Kepala Kepolisian Daerah Papua, Irjen Mathius Fakhiri, dalam keterangannya sebelumnya, menyebutkan bahwa pihaknya telah memetakan daerah-daerah yang rawan konflik dan menempatkan personel secara strategis. Namun demikian, luasnya wilayah dan keterbatasan akses menjadi tantangan utama.
“Papua bukan hanya soal konflik, tapi juga soal medan yang sulit dan keterbatasan infrastruktur. Itu membuat penanganan konflik tidak bisa disamakan dengan wilayah lain di Indonesia,” ujar Irjen Fakhiri beberapa waktu lalu.
Desakan dari Keluarga dan Pemerintah Daerah
Sementara itu, pihak keluarga korban mendesak agar proses evakuasi segera dilakukan. Mereka berharap jenazah para korban bisa segera dibawa ke rumah duka untuk dimakamkan secara layak. Beberapa anggota keluarga bahkan rela datang ke kantor kepolisian setempat untuk meminta informasi langsung terkait perkembangan terbaru di lapangan.

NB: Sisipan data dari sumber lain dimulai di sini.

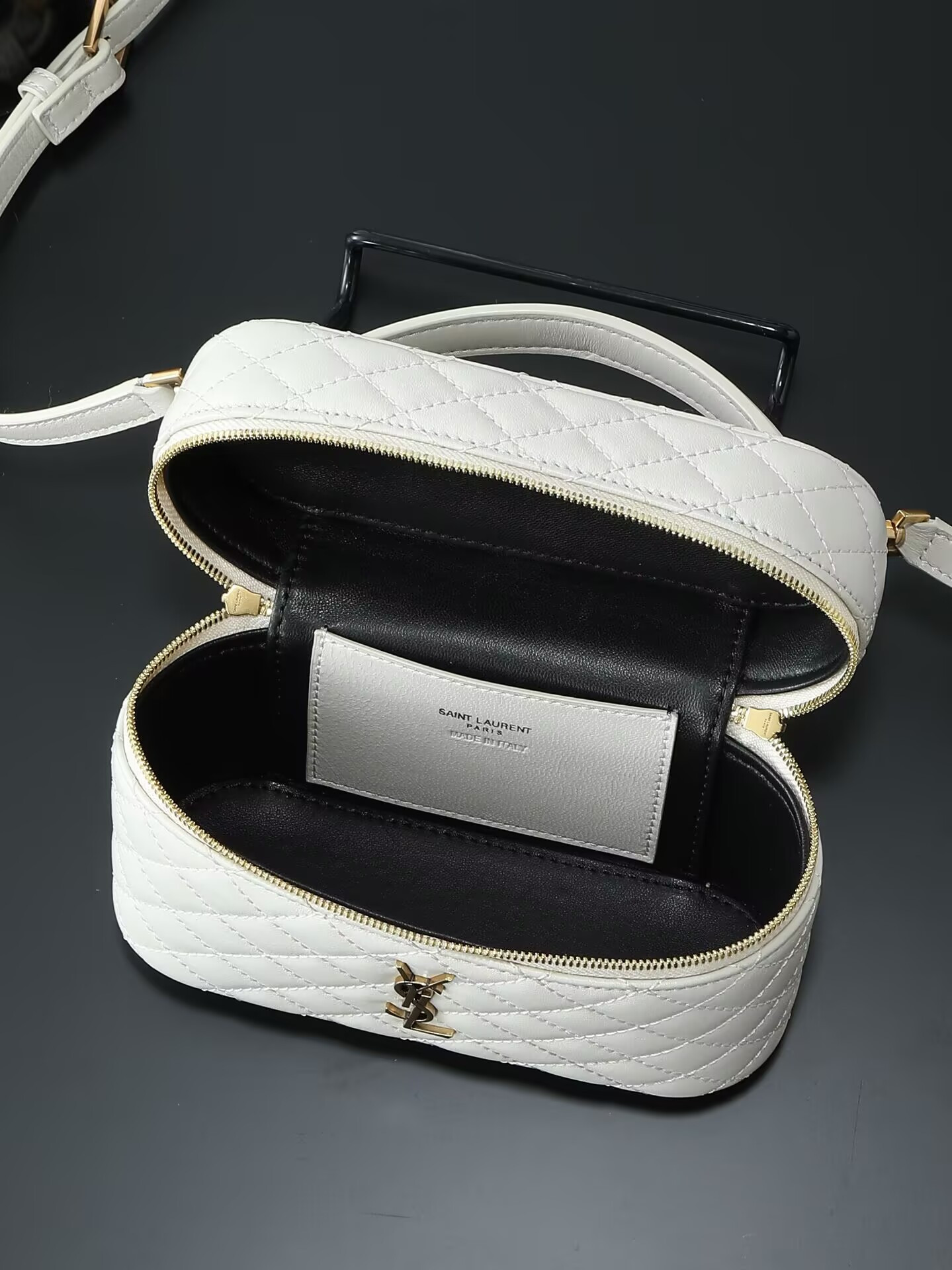YSL GABY VANITY BAG IN LAMBSKIN 18 X 11 X 6.5 CM - Image 7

Pemerintah daerah setempat pun ikut turun tangan. Bupati Yahukimo menyatakan keprihatinannya atas kejadian ini dan meminta pemerintah pusat untuk memberikan perhatian serius terhadap masalah keamanan di wilayah Papua Pegunungan.
“Kami tidak ingin kejadian semacam ini terus berulang. Warga kami bekerja untuk menghidupi keluarganya, mereka bukan bagian dari konflik. Negara harus hadir sepenuhnya di Papua,” kata Bupati dalam pernyataan tertulisnya.

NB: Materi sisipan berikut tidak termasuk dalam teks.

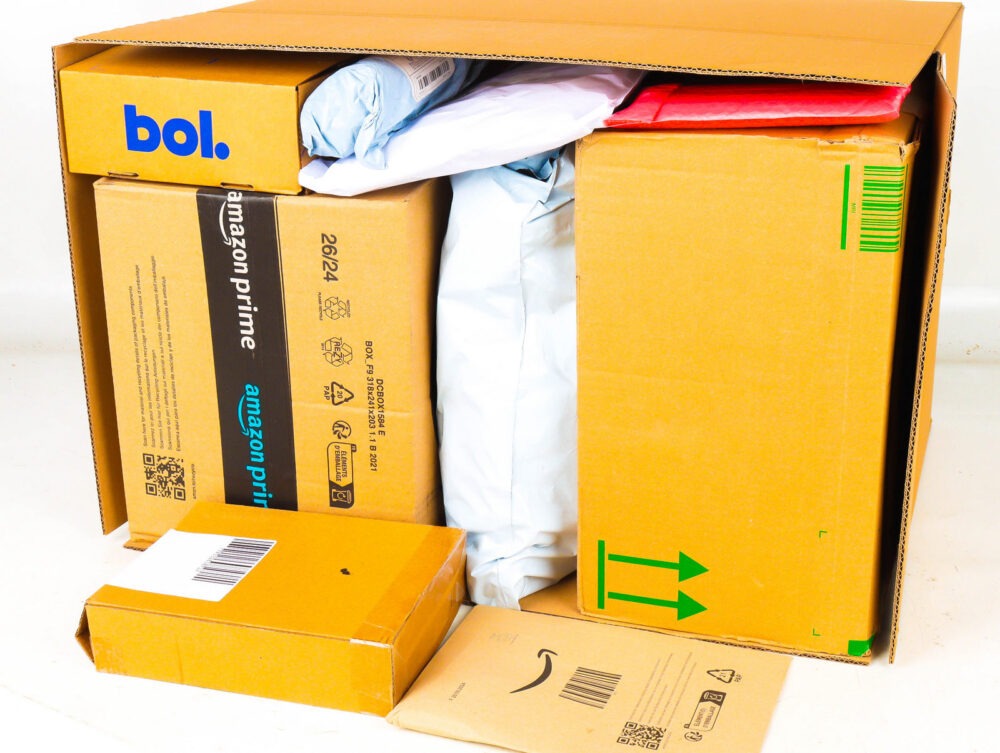 XL Doos met Ongeopende Postpakketten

Konflik Bersenjata di Papua Masih Jadi Tantangan Nasional
Konflik bersenjata yang terjadi di Papua, khususnya yang melibatkan kelompok separatis dan aparat negara, telah berlangsung selama bertahun-tahun. Meski berbagai upaya dialog dan pendekatan kesejahteraan telah dilakukan, insiden kekerasan seperti yang terjadi di Yahukimo membuktikan bahwa akar persoalan belum sepenuhnya terselesaikan.
Pemerintah pusat melalui Kementerian Koordinator Bidang Politik, Hukum, dan Keamanan (Kemenko Polhukam) kembali menegaskan komitmennya untuk menyelesaikan konflik di Papua dengan pendekatan yang menyeluruh—meliputi keamanan, pembangunan, dan dialog sosial budaya.
Namun di sisi lain, kelompok-kelompok bersenjata di Papua tampaknya masih terus melakukan perlawanan dengan cara-cara kekerasan, termasuk menyasar warga sipil dan infrastruktur publik. Situasi ini menempatkan masyarakat sipil di tengah ketegangan yang terus berlangsung.
Harapan Akan Pemulihan Keamanan
Evakuasi 11 korban pembantaian di Yahukimo menjadi ujian besar bagi aparat keamanan dan pemerintah dalam merespons situasi darurat di wilayah konflik. Diharapkan, proses evakuasi bisa segera dilakukan dengan aman dan lancar, serta diikuti oleh langkah-langkah strategis untuk menciptakan stabilitas di wilayah yang selama ini menjadi titik panas konflik bersenjata di Indonesia.